- **TASK**: Some of the lines below need repeating. Reproduce exactly those between the lines holding "上海市科技进步一等奖 上海市科技进步一等奖" and "NBA１年目の最終戦でインパ", inclusive.

Dataset records
..........

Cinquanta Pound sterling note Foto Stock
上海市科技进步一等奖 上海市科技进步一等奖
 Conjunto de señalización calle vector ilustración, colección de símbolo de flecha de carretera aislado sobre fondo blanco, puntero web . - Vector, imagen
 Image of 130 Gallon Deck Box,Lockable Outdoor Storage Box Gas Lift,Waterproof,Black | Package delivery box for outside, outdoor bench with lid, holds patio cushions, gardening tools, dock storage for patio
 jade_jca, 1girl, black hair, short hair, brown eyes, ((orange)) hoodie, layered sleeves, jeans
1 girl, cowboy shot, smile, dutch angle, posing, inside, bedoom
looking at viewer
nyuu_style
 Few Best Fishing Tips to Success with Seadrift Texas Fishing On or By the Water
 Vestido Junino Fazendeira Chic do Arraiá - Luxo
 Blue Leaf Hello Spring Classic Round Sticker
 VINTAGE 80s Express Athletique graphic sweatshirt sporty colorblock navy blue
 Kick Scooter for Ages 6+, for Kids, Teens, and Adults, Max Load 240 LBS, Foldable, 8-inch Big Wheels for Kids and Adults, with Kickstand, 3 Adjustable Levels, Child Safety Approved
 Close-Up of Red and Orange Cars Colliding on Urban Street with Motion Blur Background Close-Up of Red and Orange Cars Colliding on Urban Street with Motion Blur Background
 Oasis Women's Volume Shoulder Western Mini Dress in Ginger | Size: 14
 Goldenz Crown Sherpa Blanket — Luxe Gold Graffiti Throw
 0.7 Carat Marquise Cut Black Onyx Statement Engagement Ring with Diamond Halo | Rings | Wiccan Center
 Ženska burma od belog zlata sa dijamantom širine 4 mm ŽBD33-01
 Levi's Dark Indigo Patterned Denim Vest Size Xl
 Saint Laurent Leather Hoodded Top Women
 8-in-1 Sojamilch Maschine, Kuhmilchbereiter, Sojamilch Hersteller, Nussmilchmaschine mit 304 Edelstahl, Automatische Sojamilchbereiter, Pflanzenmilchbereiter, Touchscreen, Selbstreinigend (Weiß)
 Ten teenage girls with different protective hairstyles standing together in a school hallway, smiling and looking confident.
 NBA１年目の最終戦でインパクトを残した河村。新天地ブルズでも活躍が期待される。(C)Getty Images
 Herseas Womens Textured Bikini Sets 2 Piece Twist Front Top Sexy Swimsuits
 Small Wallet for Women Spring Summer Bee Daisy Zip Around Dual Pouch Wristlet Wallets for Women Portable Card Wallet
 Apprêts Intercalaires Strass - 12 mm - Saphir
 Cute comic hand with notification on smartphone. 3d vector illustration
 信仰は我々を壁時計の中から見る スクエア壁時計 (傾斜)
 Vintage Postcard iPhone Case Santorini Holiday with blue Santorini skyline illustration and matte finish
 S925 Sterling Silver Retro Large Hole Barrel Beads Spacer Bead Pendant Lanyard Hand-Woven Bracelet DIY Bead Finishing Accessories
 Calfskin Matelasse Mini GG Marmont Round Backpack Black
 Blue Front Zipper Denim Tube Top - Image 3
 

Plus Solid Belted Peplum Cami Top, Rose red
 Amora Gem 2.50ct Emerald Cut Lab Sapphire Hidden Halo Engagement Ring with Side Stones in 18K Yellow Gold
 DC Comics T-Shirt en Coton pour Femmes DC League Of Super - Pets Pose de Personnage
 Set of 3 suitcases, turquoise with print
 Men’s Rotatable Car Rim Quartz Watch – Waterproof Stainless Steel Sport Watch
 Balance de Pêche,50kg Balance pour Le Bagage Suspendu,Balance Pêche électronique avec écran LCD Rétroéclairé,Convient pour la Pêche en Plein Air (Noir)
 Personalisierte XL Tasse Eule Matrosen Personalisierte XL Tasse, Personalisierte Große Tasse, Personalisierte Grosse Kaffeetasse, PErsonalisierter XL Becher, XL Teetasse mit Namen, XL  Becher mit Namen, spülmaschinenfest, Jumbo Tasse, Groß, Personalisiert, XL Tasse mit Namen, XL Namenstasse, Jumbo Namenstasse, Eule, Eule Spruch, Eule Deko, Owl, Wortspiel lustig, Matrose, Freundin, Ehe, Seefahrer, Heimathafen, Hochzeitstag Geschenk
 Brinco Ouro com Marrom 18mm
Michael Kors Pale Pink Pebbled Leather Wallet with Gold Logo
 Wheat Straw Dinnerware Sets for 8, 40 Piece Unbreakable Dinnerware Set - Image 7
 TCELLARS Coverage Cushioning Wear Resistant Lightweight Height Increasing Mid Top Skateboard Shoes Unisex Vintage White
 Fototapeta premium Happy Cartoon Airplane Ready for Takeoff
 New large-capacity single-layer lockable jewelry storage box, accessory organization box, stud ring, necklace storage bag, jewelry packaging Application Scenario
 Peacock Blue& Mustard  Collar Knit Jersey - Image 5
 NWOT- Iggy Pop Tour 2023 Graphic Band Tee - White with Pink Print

..........

- **RESPONSE TO THIS TASK**:
上海市科技进步一等奖 上海市科技进步一等奖
 Conjunto de señalización calle vector ilustración, colección de símbolo de flecha de carretera aislado sobre fondo blanco, puntero web . - Vector, imagen
 Image of 130 Gallon Deck Box,Lockable Outdoor Storage Box Gas Lift,Waterproof,Black | Package delivery box for outside, outdoor bench with lid, holds patio cushions, gardening tools, dock storage for patio
 jade_jca, 1girl, black hair, short hair, brown eyes, ((orange)) hoodie, layered sleeves, jeans
1 girl, cowboy shot, smile, dutch angle, posing, inside, bedoom
looking at viewer
nyuu_style
 Few Best Fishing Tips to Success with Seadrift Texas Fishing On or By the Water
 Vestido Junino Fazendeira Chic do Arraiá - Luxo
 Blue Leaf Hello Spring Classic Round Sticker
 VINTAGE 80s Express Athletique graphic sweatshirt sporty colorblock navy blue
 Kick Scooter for Ages 6+, for Kids, Teens, and Adults, Max Load 240 LBS, Foldable, 8-inch Big Wheels for Kids and Adults, with Kickstand, 3 Adjustable Levels, Child Safety Approved
 Close-Up of Red and Orange Cars Colliding on Urban Street with Motion Blur Background Close-Up of Red and Orange Cars Colliding on Urban Street with Motion Blur Background
 Oasis Women's Volume Shoulder Western Mini Dress in Ginger | Size: 14
 Goldenz Crown Sherpa Blanket — Luxe Gold Graffiti Throw
 0.7 Carat Marquise Cut Black Onyx Statement Engagement Ring with Diamond Halo | Rings | Wiccan Center
 Ženska burma od belog zlata sa dijamantom širine 4 mm ŽBD33-01
 Levi's Dark Indigo Patterned Denim Vest Size Xl
 Saint Laurent Leather Hoodded Top Women
 8-in-1 Sojamilch Maschine, Kuhmilchbereiter, Sojamilch Hersteller, Nussmilchmaschine mit 304 Edelstahl, Automatische Sojamilchbereiter, Pflanzenmilchbereiter, Touchscreen, Selbstreinigend (Weiß)
 Ten teenage girls with different protective hairstyles standing together in a school hallway, smiling and looking confident.
 NBA１年目の最終戦でインパクトを残した河村。新天地ブルズでも活躍が期待される。(C)Getty Images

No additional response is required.